* _DATASET CONTENT_:
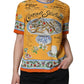 Orange Silk Cannoli Siciliana Print Short Sleeves Top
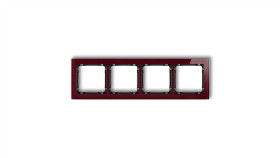 Deco Ramka Poczwórna - Efekt Szkła (Ramka: Bordowa Spód: Czarny) Bordowy...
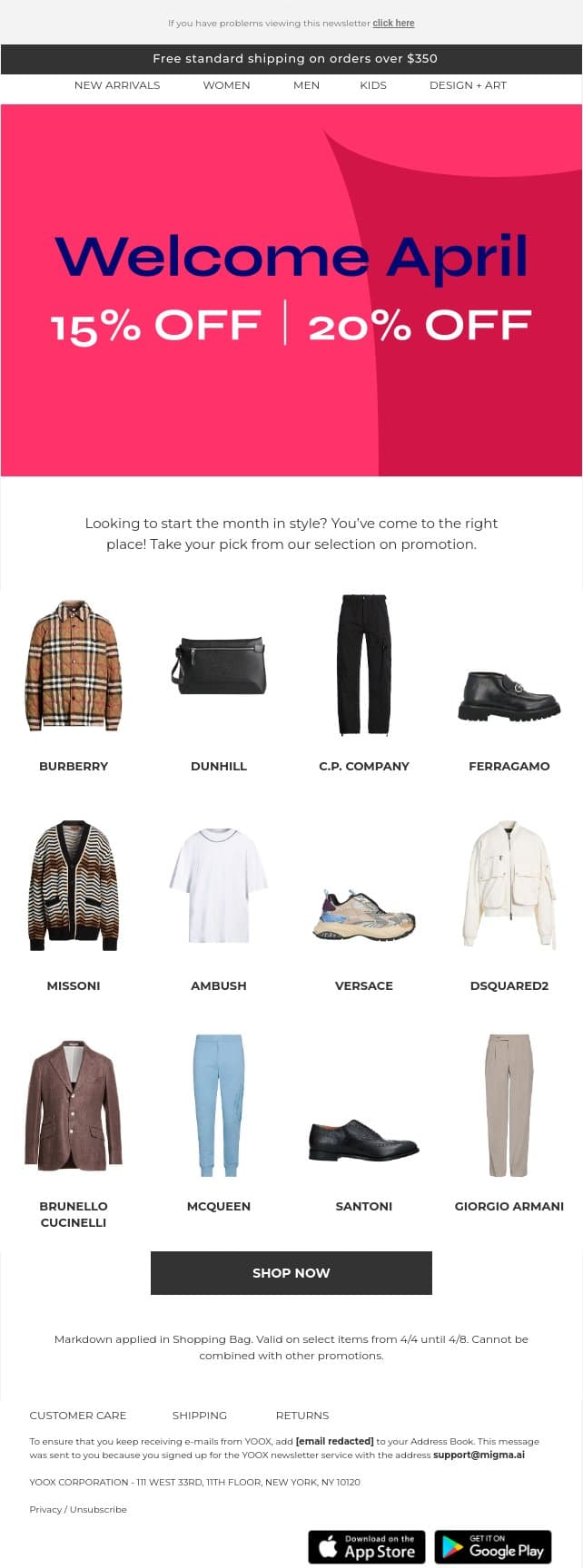 🐰Plans for the weekend? Shop our promotion with 15% & 20% OFF! email from Yoox screenshot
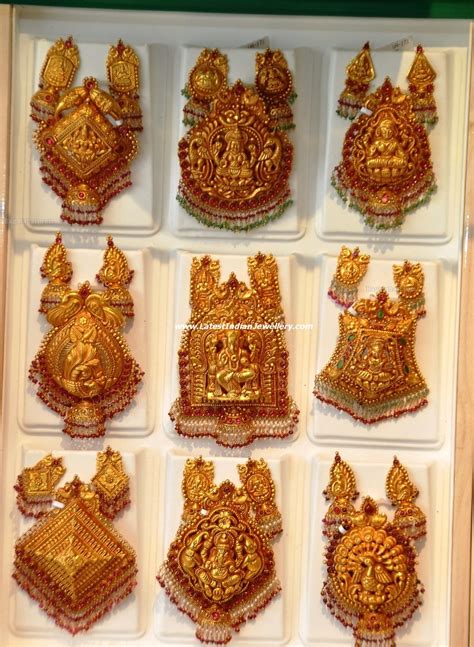 South Indian Traditional Gold Temple Jewellery Pendant Sets Latest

* _WHAT THE TASK REQUIRES_:
From the line holding "Deco Ramka Poczwórna" through the last line of the material above, each line should be written out exactly, both included; omit the pictures.

* _PROBLEM SOLUTION_:
 Deco Ramka Poczwórna - Efekt Szkła (Ramka: Bordowa Spód: Czarny) Bordowy...
 🐰Plans for the weekend? Shop our promotion with 15% & 20% OFF! email from Yoox screenshot
 South Indian Traditional Gold Temple Jewellery Pendant Sets Latest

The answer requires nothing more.